**How to complete this task:**
For this exercise, return only the lines in the records below from the one holding "SKECHERS D LITES" through the one holding "Vaico Remblokset V24-0073", including both, exactly as they appear and without pictures.

**Working data:**
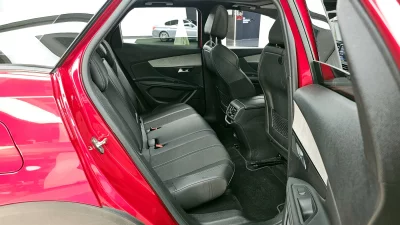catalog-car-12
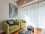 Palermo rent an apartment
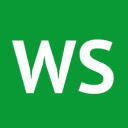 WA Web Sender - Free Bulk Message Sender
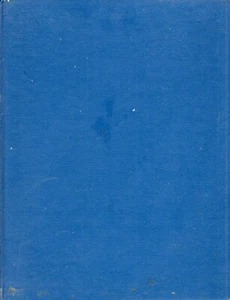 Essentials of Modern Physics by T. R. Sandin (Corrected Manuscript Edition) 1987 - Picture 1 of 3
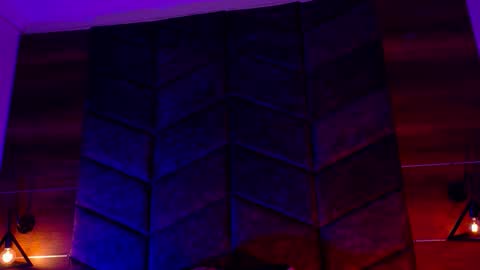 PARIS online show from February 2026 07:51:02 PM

---

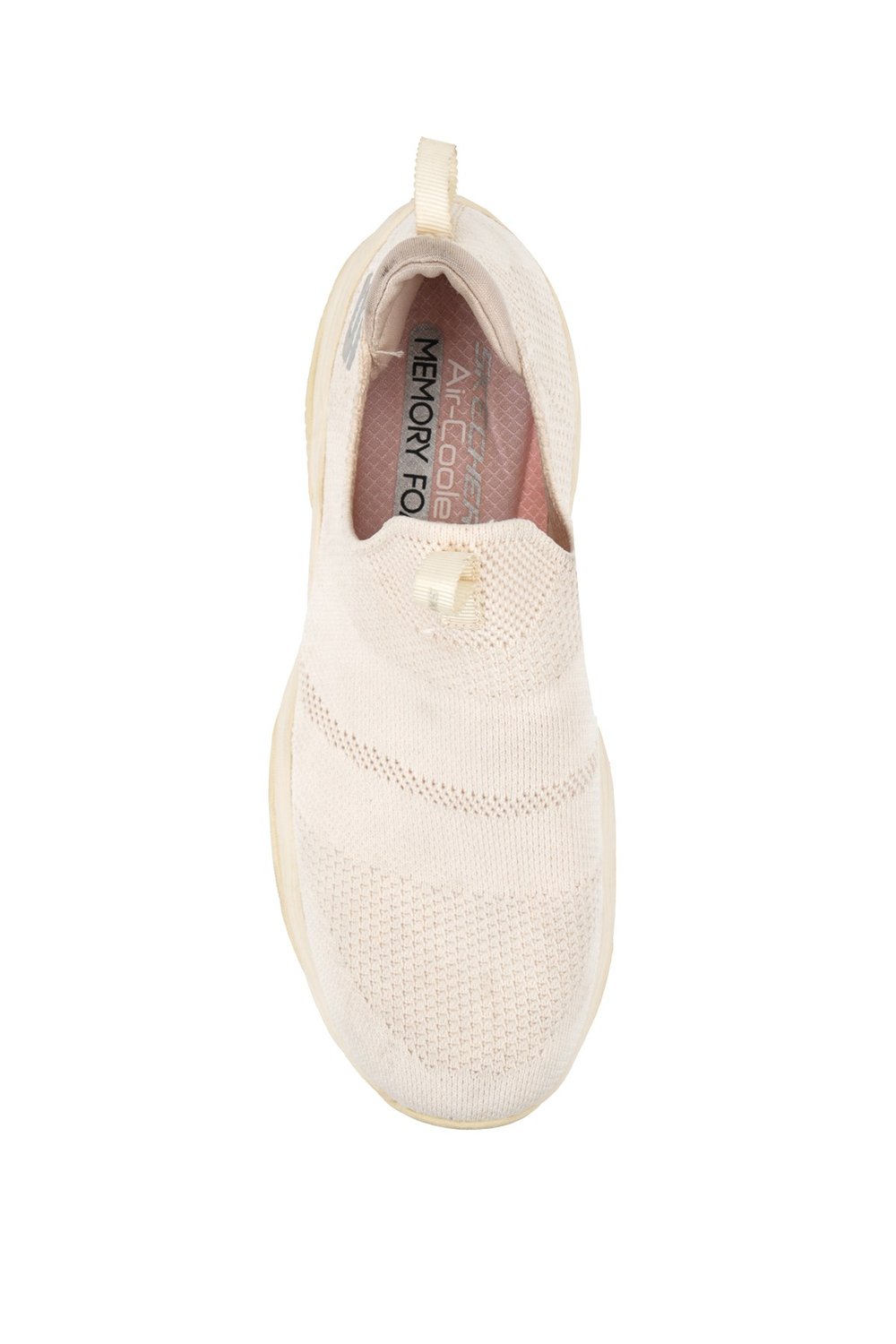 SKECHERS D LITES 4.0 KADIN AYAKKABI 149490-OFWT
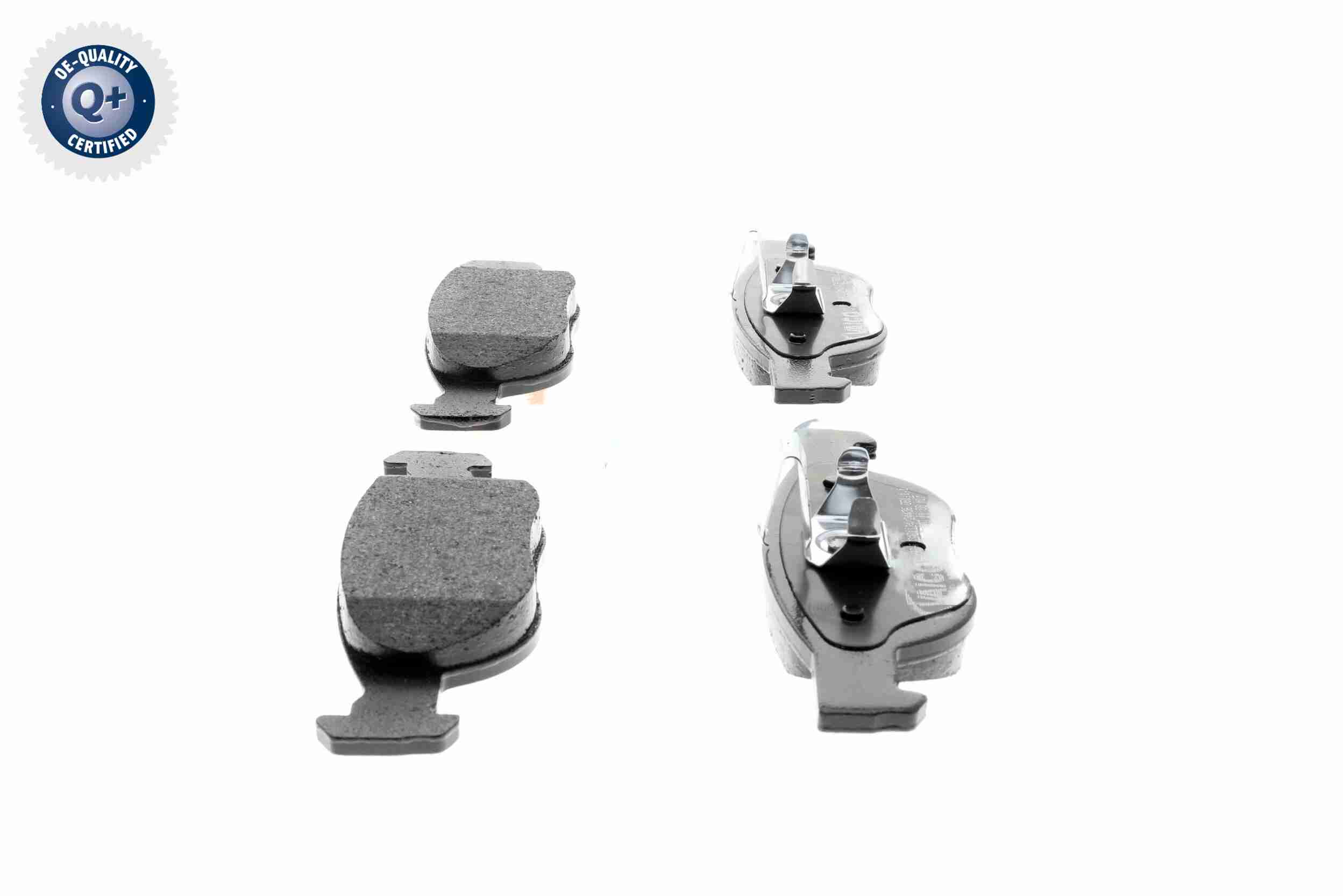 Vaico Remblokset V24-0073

==

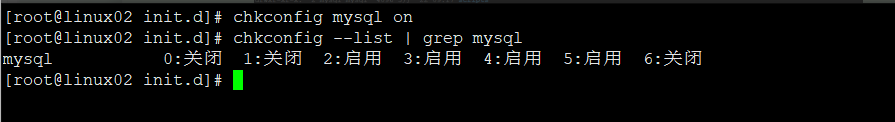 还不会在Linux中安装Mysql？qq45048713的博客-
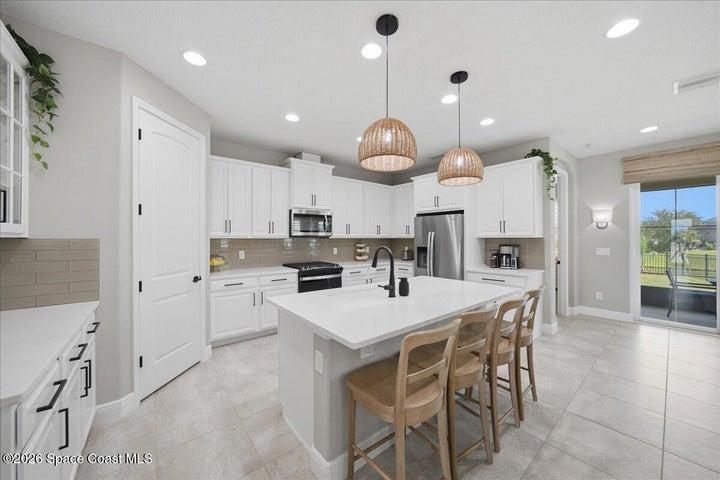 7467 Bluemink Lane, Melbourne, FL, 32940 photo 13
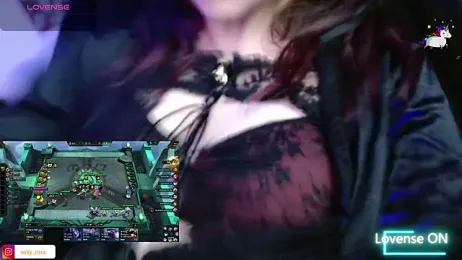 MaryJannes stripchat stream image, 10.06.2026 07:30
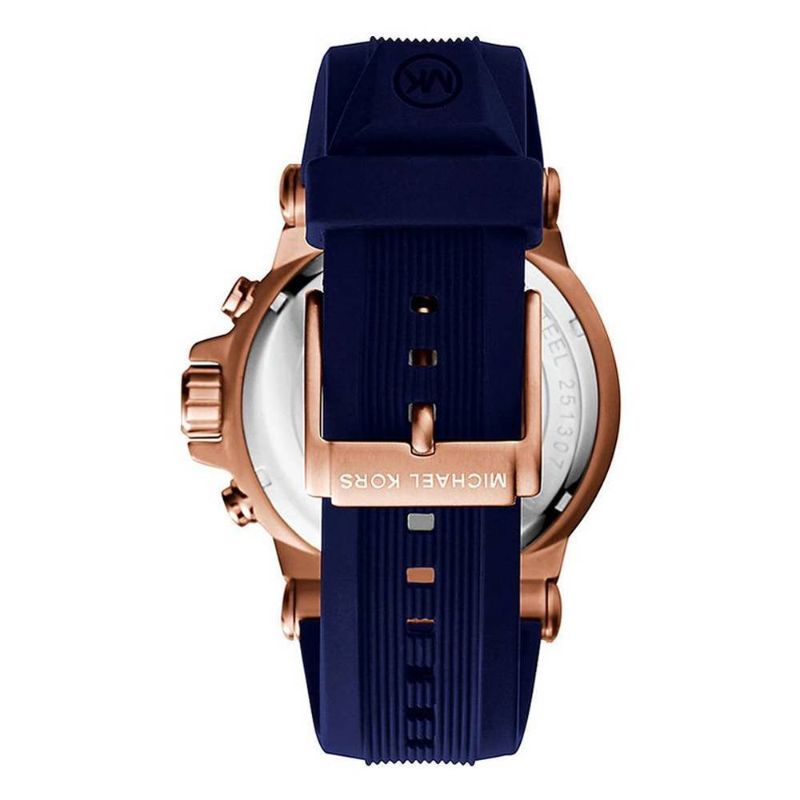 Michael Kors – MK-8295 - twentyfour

**Task answer:**
 SKECHERS D LITES 4.0 KADIN AYAKKABI 149490-OFWT
 Vaico Remblokset V24-0073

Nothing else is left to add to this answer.